Barely five years ago, getting Wall Street investment bankers enthusiastic enough to bring an IC assembly house public was a tough-make that an impossible-sell. Today, with the success of companies like Amkor, the story is entirely different.

By Ron Iscoff, Editor

A few years ago, companies that assembled and tested ICs were about as comfortable with the heavy financial action on Wall Street as the Beverly Hillbillies were.

At the same time, Wall Street believed IC assembly was a decidedly low-tech business. Market makers considered assembly an industry whose main assets were plenty of grunt labor, lots of machines running 24/7, and little in the way of intellectual property.

That view changed radically in February 1996, when Victor Batinovich took the San Jose-based Integrated Packaging Assembly Corporation (IPAC) public.

IPAC, founded only three years earlier by Batinovich, E.C. Ong and Dr. Skip Fehr, in 1996 pulled in revenues of $36 million with an income of $2.87 million. Its IPO brought in $23 million "to fund IPAC's continued growth," according to the company's 1996 annual report.

But despite the annual report's glowing predictions, that was not to be.

The Recession

Within a year, a recession slammed the industry. And suddenly, the largest customers were gone: Sierra Semiconductor folded its San Jose operation, Tseng Labs closed, and Cirrus Logic downsized. Perhaps worst of all-at least from a psychological standpoint-kingmaker Intel defected.

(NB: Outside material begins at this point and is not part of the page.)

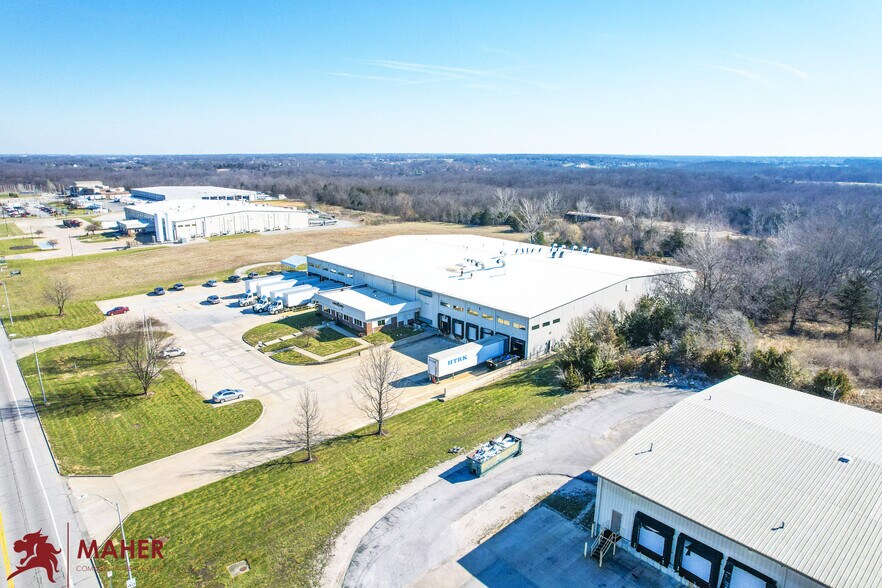 More Photos Of 2600 Maguire Blvd, Columbia Industrial For Sale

It opted for BGAs instead of the QFPs it was ordering from IPAC, but which IPAC was not ready to deliver.

Then Batinovich departed after losing a battle with the venture capitalist-dominated board of directors over the company's future direction, and Ong also departed. With its key customers gone, IPAC was swimming in red ink. Its stock, which earlier traded as high as $16US on the NASDAQ national market, sank to pennies at which point the company was finally delisted.

While IPAC watchers wondered if the company would survive-and in what form-a white knight of sorts appeared.

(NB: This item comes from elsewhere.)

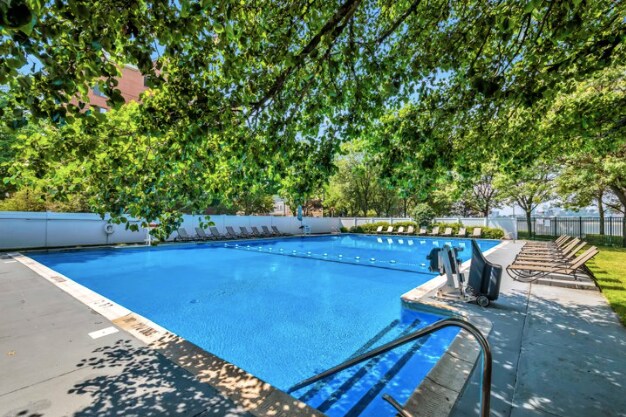 Building Photo - 65 North Point Dr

The presumed savior was publicly traded OSE, a Taiwan-based competitor, that stepped in and bought IPAC. Behind the scenes, Batinovich and his consortium were also bidding on IPAC, but lost to OSE.

A Mistake

Ask Victor Batinovich today why he took IPAC public, and he will reply, "Why did I make that mistake?-and you can quote me."

Today Batinovich is ready to unveil his fourth startup, Advanced Interconnect Solutions, a CSP, flip-chip and wafer-level packaging company. He promises he won't repeat the same mistakes, which included spending a great deal of his time trying to raise money in small increments.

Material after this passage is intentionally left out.